Existentialists think that what makes humans different from all other beings is the fact that we can choose what to do. In fact, we must choose: the only thing we are not free to do is not to be free. Other entities have some predefined nature: a rock, a penknife or even a beetle just is what it is. But as a human, there is no blueprint for producing me. I may be influenced by biology, culture and personal background, but at each moment I am making myself up as I go along, depending on what I choose to do next. As Sartre put it: “There is no traced-out path to lead man to his salvation; he must constantly invent his own path.

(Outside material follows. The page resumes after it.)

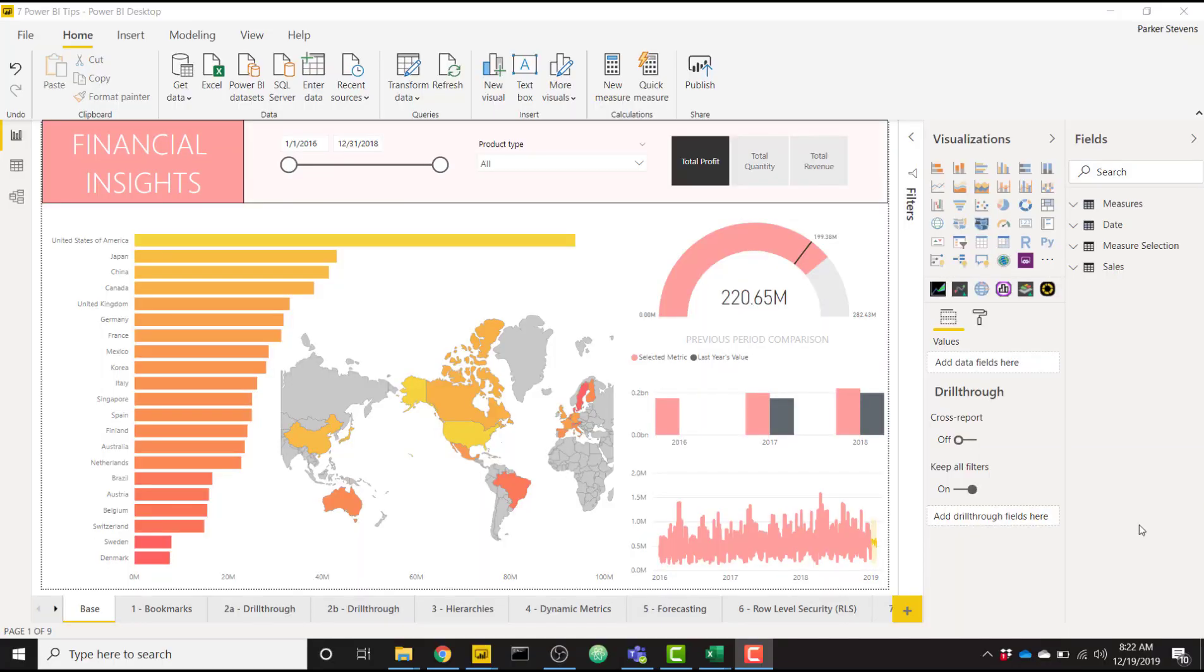What's up everybody, it's Parker with BI Elite. In this video, I want to showcase some new functionality that just came through with the December 2019 Power BI update, and that's how to customize and export themes.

But, to invent it, he is free, responsible, without excuse, and every hope lies within him.” It is terrifying, but exhilarating.

From Think big, be free, have sex: ten reasons to be an existentialist.

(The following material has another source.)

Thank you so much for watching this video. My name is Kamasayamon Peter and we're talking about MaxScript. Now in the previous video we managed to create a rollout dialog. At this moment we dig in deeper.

However tough it is, existentialists generally strive to be “authentic”. They take this to mean being less self-deceiving, more decisive, more committed, and more willing to take on responsibility for the world.

Most of the time, we don’t do this very well. Why? For Heidegger, the fault lies with our bewitchment by a non-entity called das Man, often translated as “the they” – as in “they say it will all be over by Christmas” (or the “one” in the phrase “one doesn’t do that”). We can’t say who exactly this “they” is, but it is everywhere, and it steals the decisions I should be making by myself.

For Sartre, the problem is mauvaise foi, or bad faith. To avoid facing up to how free I am, I pretend not to be free at all.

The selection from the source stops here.